2 de mayo de 2015. Cines Los Prados, Oviedo.
Un anciano con una enfermidad terminal pide a sus amigos que le ayuden a morir. Aprovechando que uno era veterinario y otro es un manitas, preparan una máquina para que él mismo pueda oprimir un botón y poner fin a su vida. Pronto se corre la voz y llegan más peticiones a esta cuadrilla. Entre ellas la de una mujer con Alzheimer que es la esposa del bondadoso anciano que diseñó la máquina.
La eutanasía, el Alzheimer y los afectos en la edad tardía. En los últimos años son muchas las películas que se acercan a estos temas con enfoques diferentes pero con notable calidad.

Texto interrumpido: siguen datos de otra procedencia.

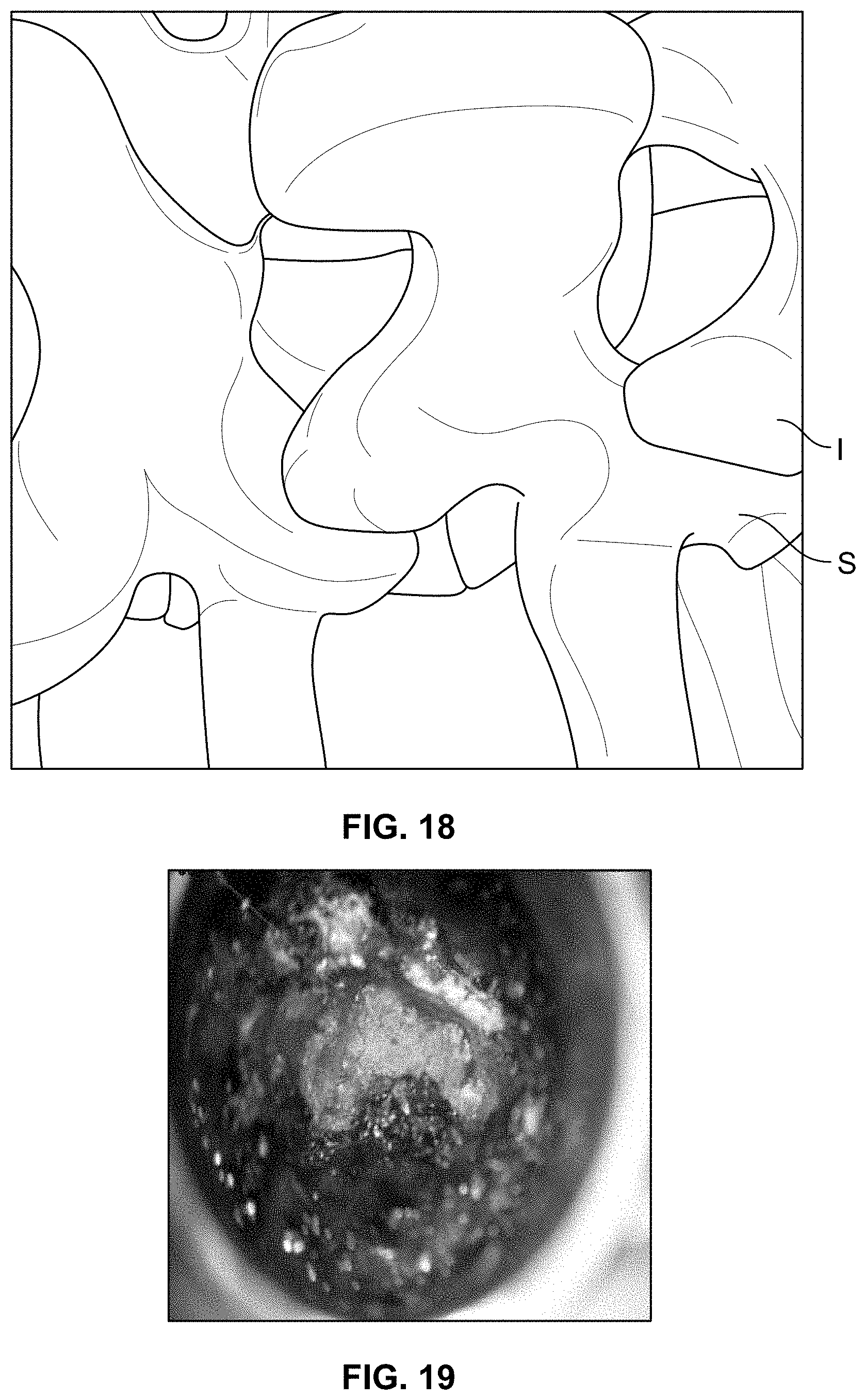 Patent US11771483 Figure 10 – Minimal impact access system to disc space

Una familia de Pernille Fischer Christensen, Arrugas de Ignacio Ferreras, Amor de Michael Haneke, Quelques heures de printemps de Stéphane Brizé, Miel de Valeria Golino o Still Alice de Richard Glatzer y Wash Westmoreland, son algunas de las mejores. La fiesta de despedida quiere parecerse a ellas, pero aportando un toque de comedia dulce al relato sobre la rebeldía de unos ancianos solidarios. Es una historia amable para todos los públicos que se ve bien, pero que queda muy lejos de la sutileza y calidad de cualquiera de aquellas películas. Por eso sorprende que se le haya condedido la Espiga de Oro en la última Seminci. Sobre todo porque en la sección oficial había películas mucho mejores, como Diplomacia de Volker Schlöndorff. El año anterior se quiso premiar a Ozu dando la Espiga de Oro al mal remedo de los Cuentos de Tokio que hizo Yôji Yamada en Una familia de Tokio. En la útima edición parece que, más que una película, se ha querido premiar un tema. O un país.